Brief:
Here is the task for the listing below: output exactly the lines from the one containing "Manguera de llenado" through the one containing "1654 Hollyrood Rd, Baldwin Boro, PA 15227", and leave out the pictures.

Record excerpts:
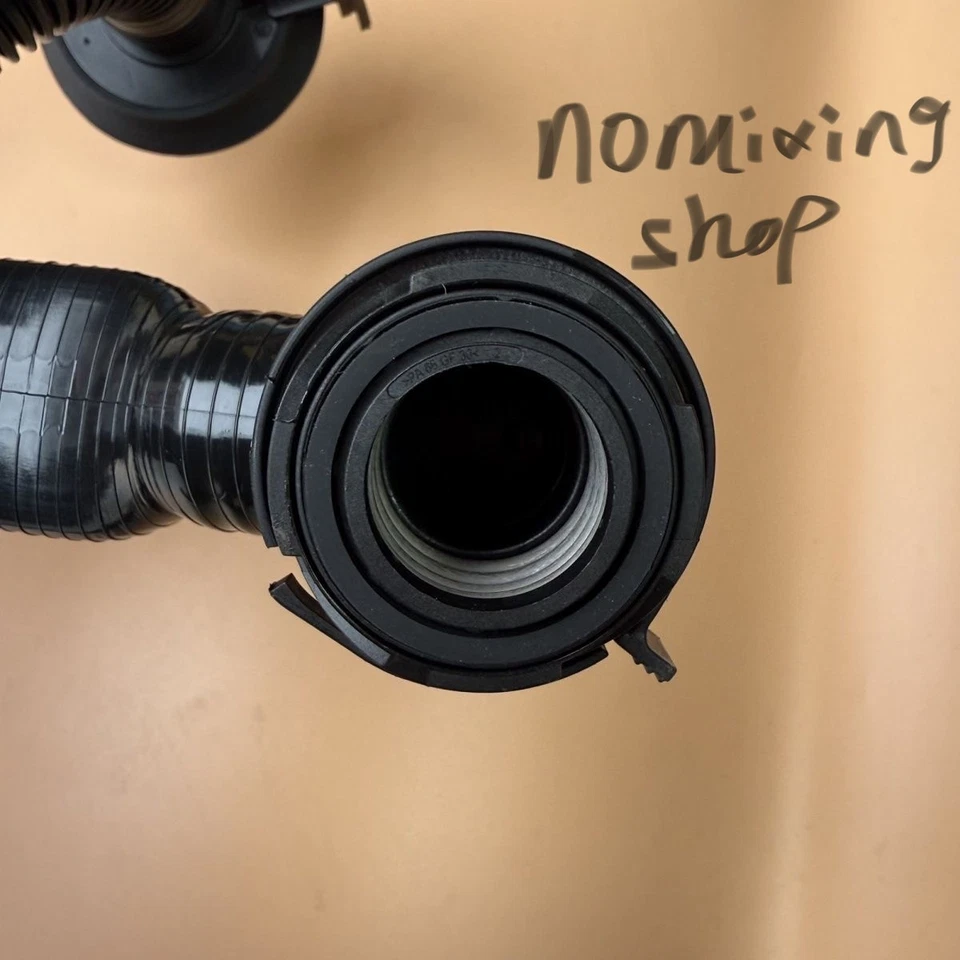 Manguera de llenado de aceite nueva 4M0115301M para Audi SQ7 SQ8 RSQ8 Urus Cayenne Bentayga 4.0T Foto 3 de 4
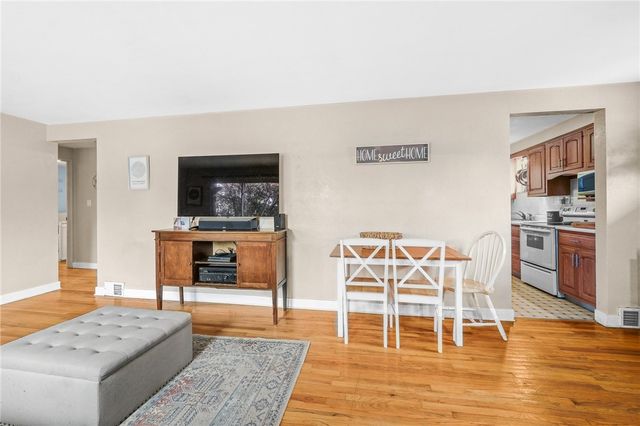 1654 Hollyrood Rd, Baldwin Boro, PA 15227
---
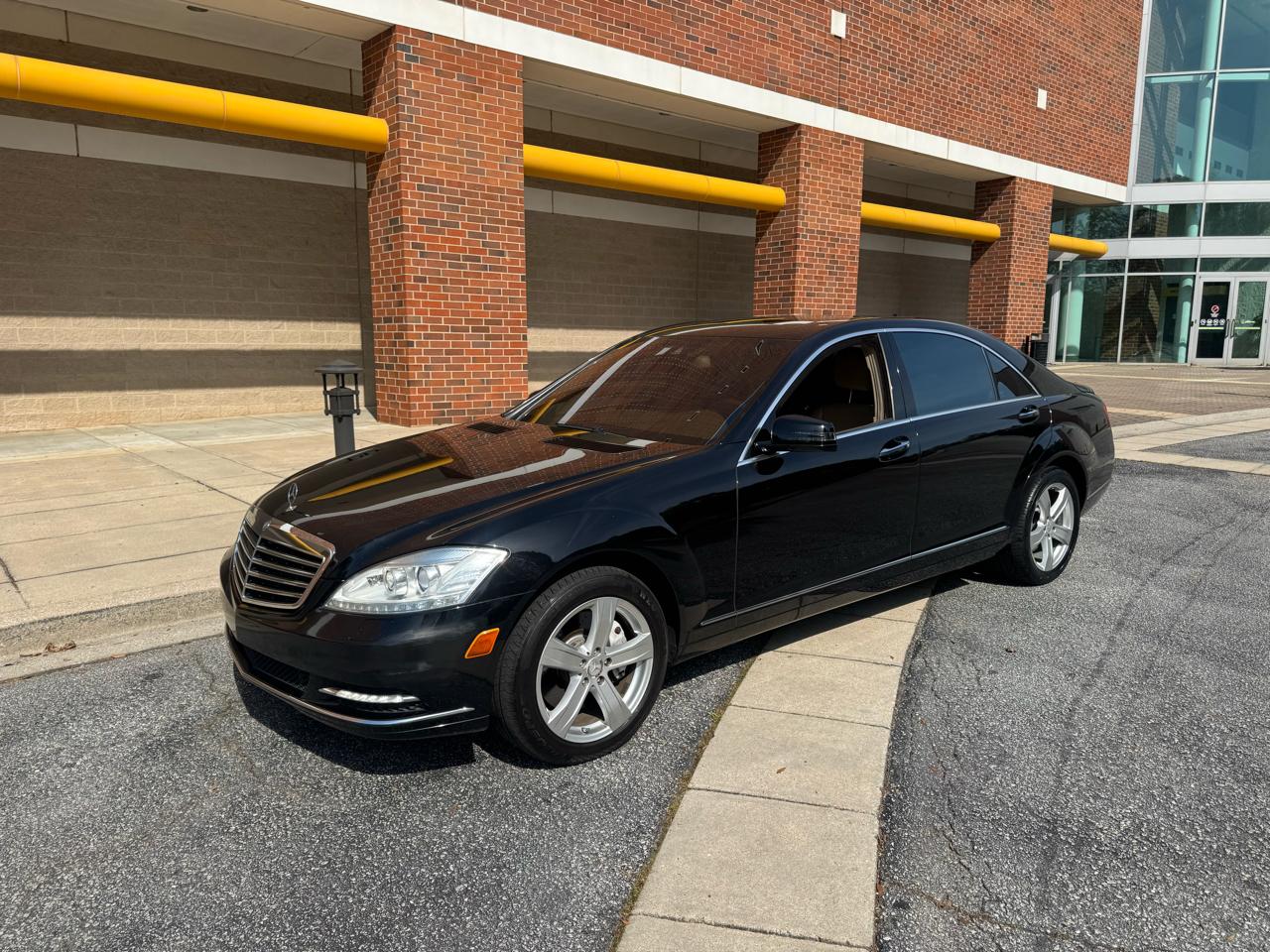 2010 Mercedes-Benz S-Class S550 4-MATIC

Exercise output:
 Manguera de llenado de aceite nueva 4M0115301M para Audi SQ7 SQ8 RSQ8 Urus Cayenne Bentayga 4.0T Foto 3 de 4
 1654 Hollyrood Rd, Baldwin Boro, PA 15227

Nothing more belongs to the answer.